Assim, o evangelista Marcos, tem-nos vindo a conduzir por um fio condutor que é bom seguirmos para compreendermos como se pode “cozinhar” com este tempero do equilíbrio de uma identidade salgada pelo amor cristão. A ação daqueles de quem Jesus dizia não se poder proibir de fazer milagres em nome d’Ele, é considerada por Ele mesmo como necessária e digna de recompensa, porque até benéfica para os que andam mais próximos d’Ele (nem que seja um copo de água!). Acoplando, novamente, a nossa reflexão sobre a história da formação sacerdotal a este fio condutor de Marcos, descobrimos que há mais dois modelos da formação a pedir atenção sobre elementos positivos a reforçar e negativos a evitar, uma vez que os erros que Jesus encontrou nos seus discípulos também se podem repetir hoje. Vejamos:

  1. O modelo da autorrealização é a resposta que o ambiente gerado pelo Vaticano II dá àqueles dois modelos anteriores, a reviravolta antropológica do Concílio. A tendência espiritualista dá lugar à psicologista. Agora é o homem e as suas capacidades que pesam no seu crescimento vocacional, como se os mesmos fossem o fundamento do chamamento. É um modelo positivo porque põe em diálogo a liberdade do homem com a graça de Deus. É negativo porque põe o “eu” no início, no centro e no fim do processo vocacional, e esquece o limite como fonte de graça.
  2. O modelo da pura autoaceitação, ou “módulo único”, aquele que tem como fim uma quase resignação do ser de criatura chamada, por natureza, a transcender-se e o do “módulo único” ou da não-integração como tendência, já na formação e na consequente vivência do ministério, em privilegiar um aspeto ou uma dimensão ou um nível da formação e vivência da vocação, por exemplo o litúrgico, ou o intelectual-escolástico, ou o disciplinar, ou o psicológico, ou até o apostólico. É tremendamente negativo porque leva a perder a visão de conjunto do que se é chamado a ser, mais do que aquilo que foi para nós o formador de maior referência naquele campo. Deste modelo surgiram o espiritualismo, o voluntarismo, o moralismo, o pietismo, o liturgismo, o intelectualismo, o psicologismo, o experiencialismo, o subjetivismo. (Cf. A. CENCINI, L’Álbero della Vita – Verso un modello di formazione iniziale e permanente.)

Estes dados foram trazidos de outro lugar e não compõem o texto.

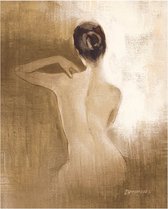 Allerniewste.nl® Canvas Schilderij * Naakte Vrouw in Bruin * - Moderne Kunst aan je Muur - Realisme - Kleur Bruin - 50 x 70 cm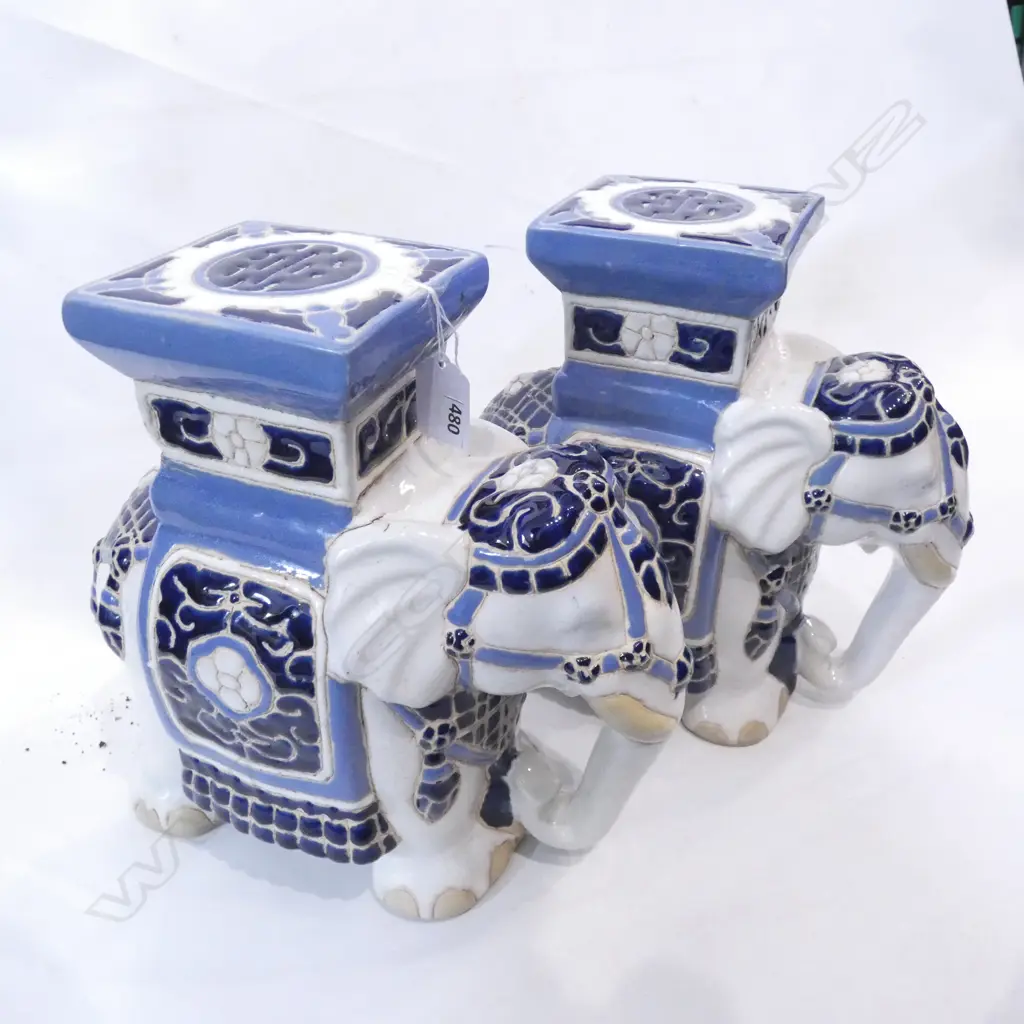 PAIR BLUE & WHITE CERAMIC ELEPHANTS H. 435MM Image 1++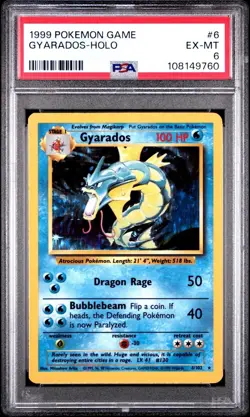 1999 Pokemon Base Set GYARADOS HOLO PSA 6 EX-MT #6/102 WOTC Vintage - Image 2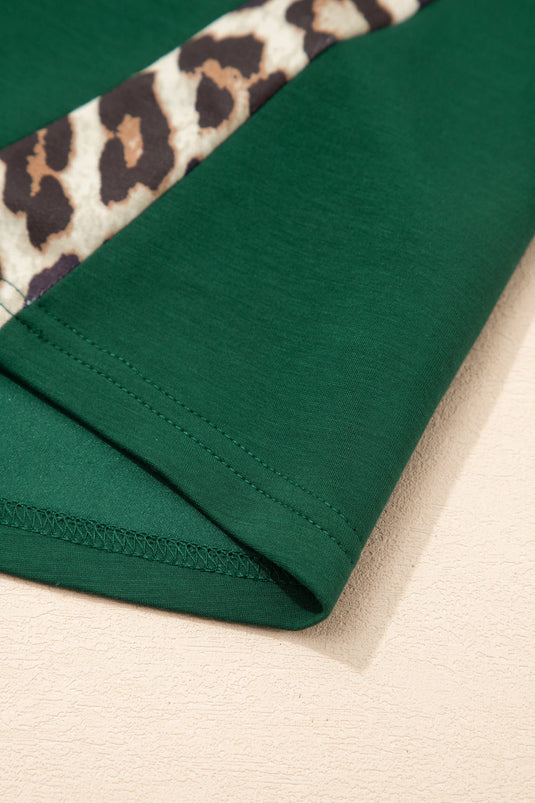 DLLS510 - Ladies Sea Green Leopard Trim Round Neck Loose T Shirt
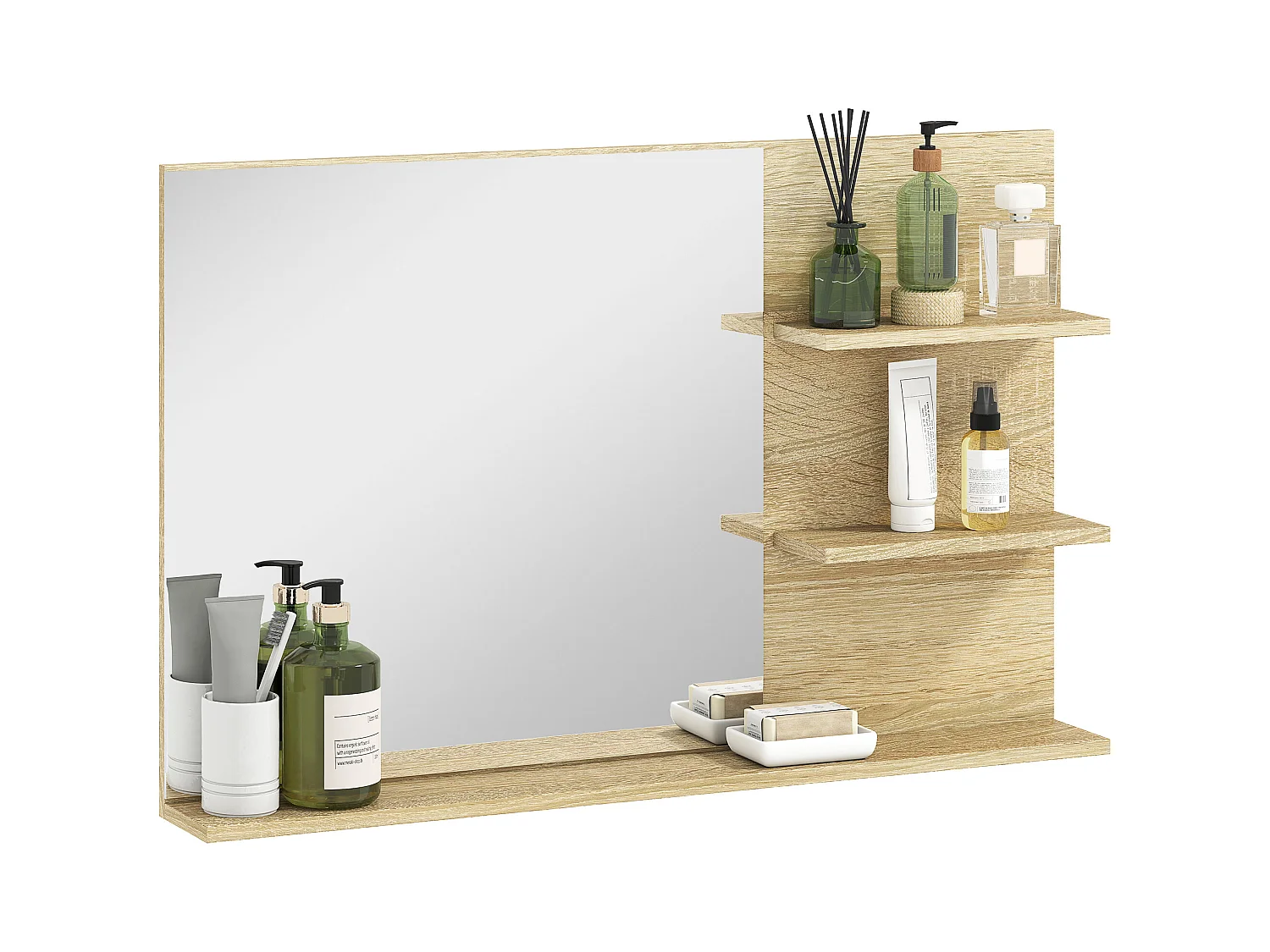 Specchio da bagno con 2 ripiani laterali e ripiano inferiore legno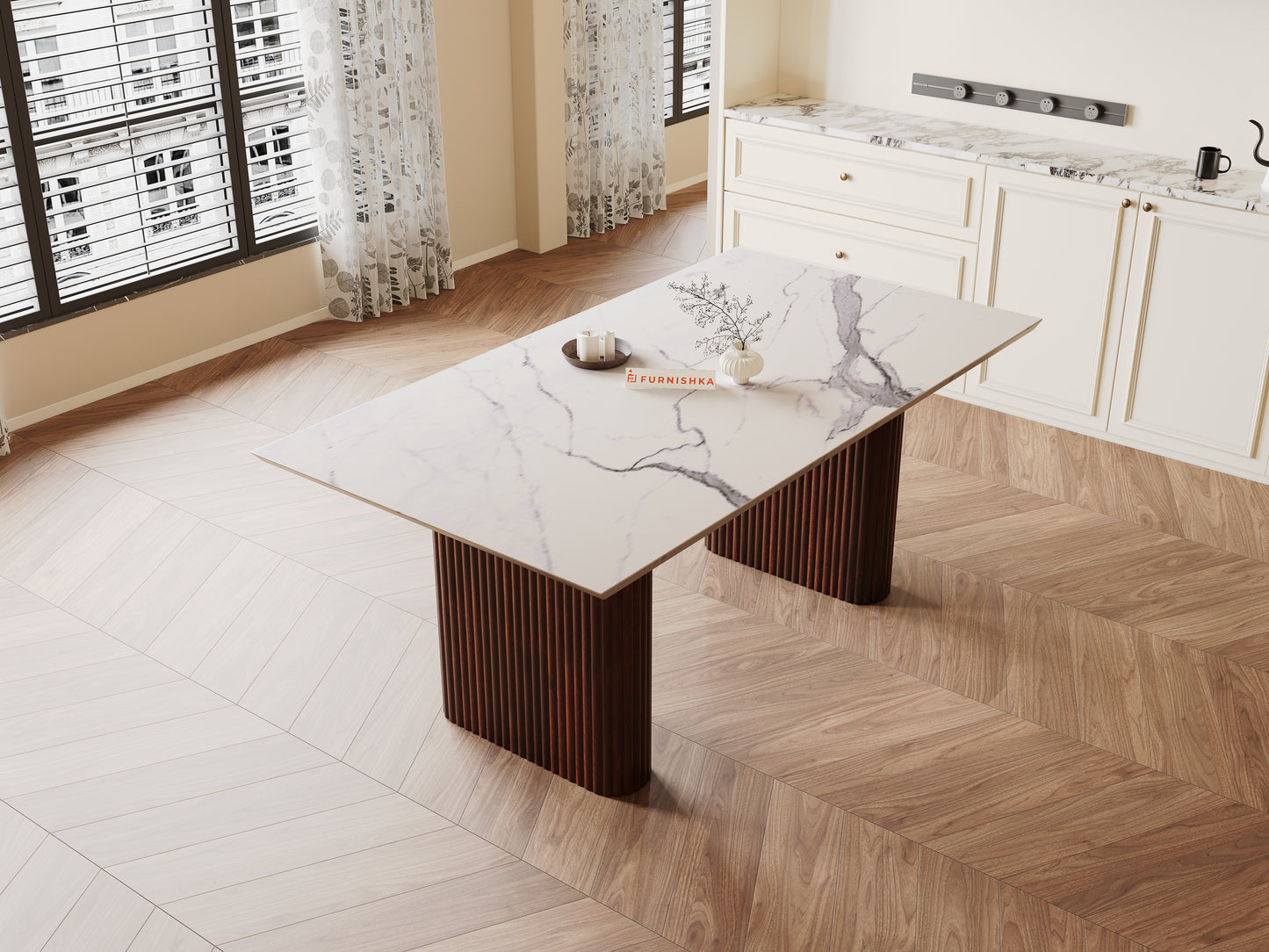 Swaarno Dining Table with White Engineered Marble Top 4 Seater in  Dark Walnut Finish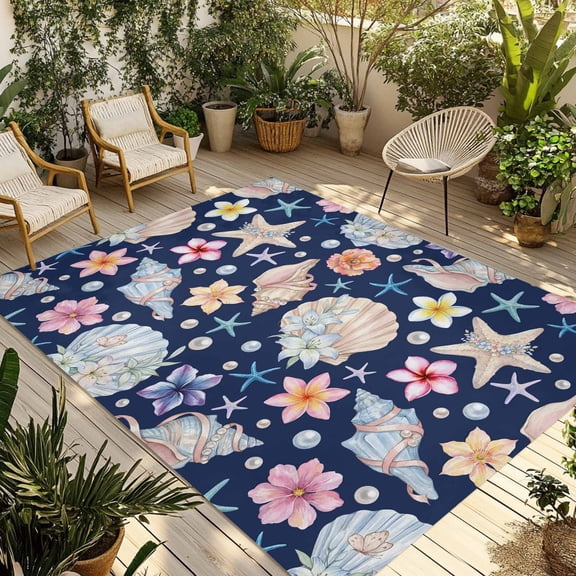 Indoor Outdoor Area Rugs,Ocean Starfish Shell Conch Pearl Washable Patio Rug Non-slip Quick Dry Camping Rugs,Summer Flower Navy Blue Back Floor Carpet for Porch Deck Backyard Decor,4x6ft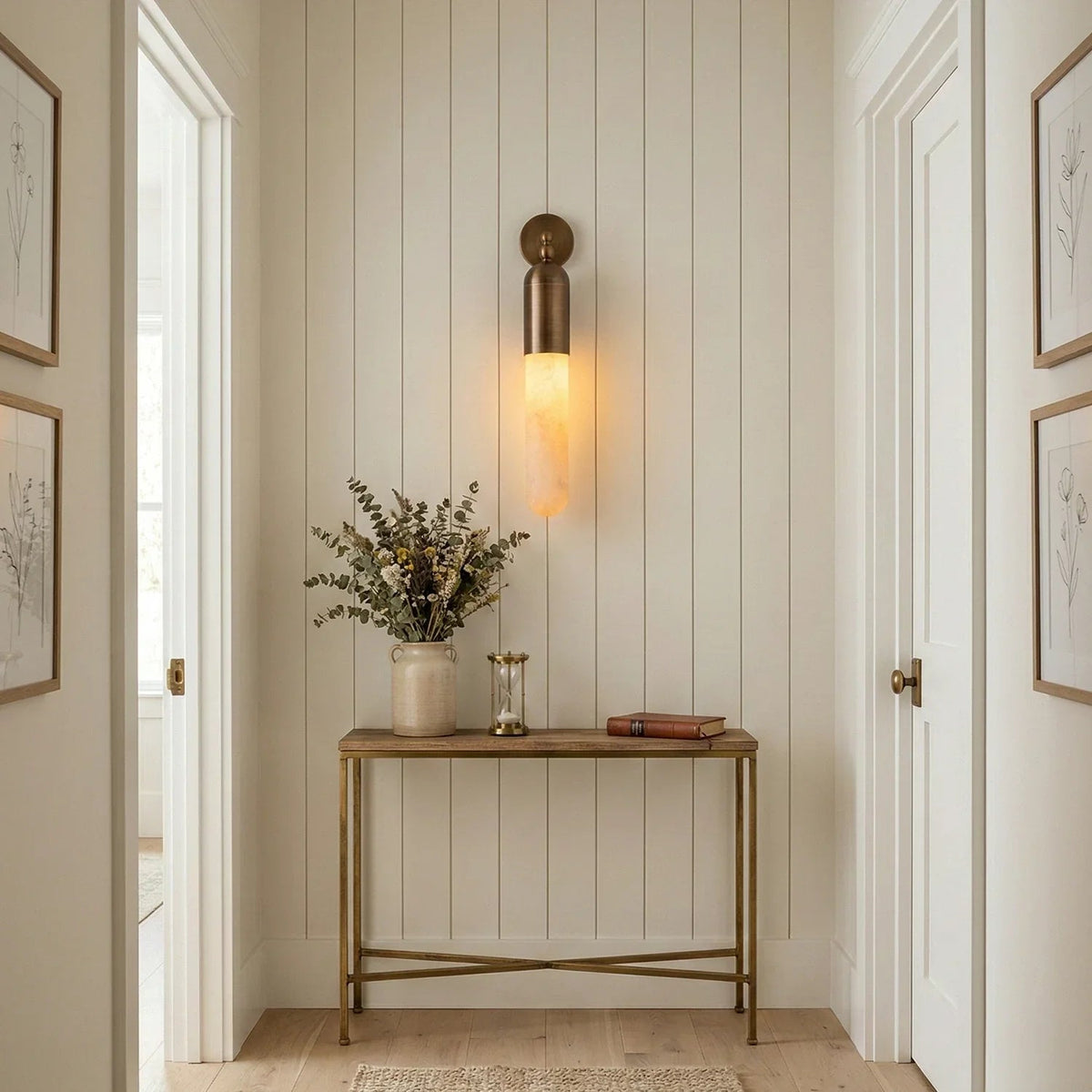 Capsule Linear Wall Sconce in alabaster for Hallway by AUVIELIGHT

Estes modelos ajudam-nos a perceber, com realismo, que não vamos muito longe sem a ajuda dos outros: por um lado, o «copo de água» que nos possam dar no árduo caminho; por outro, a nossa abertura aos outros, muitas vezes estragada pelos nossos “ismos” de especialidade douta que, por vezes, de nada servem na hora de, com simplicidade, “mudar uma lâmpada”. Parafraseando o Apóstolo Tiago: de que serve ter ouro se o nosso coração permanecer fechado…?! Em vez de nos sentirmos escandalizados pela abertura da Igreja (p.ex. no Papa Francisco), cuidemos para não escandalizarmos nós com os nossos preciosismos infundados, presunçosamente santos e inúteis para a salvação (nossa e dos outros).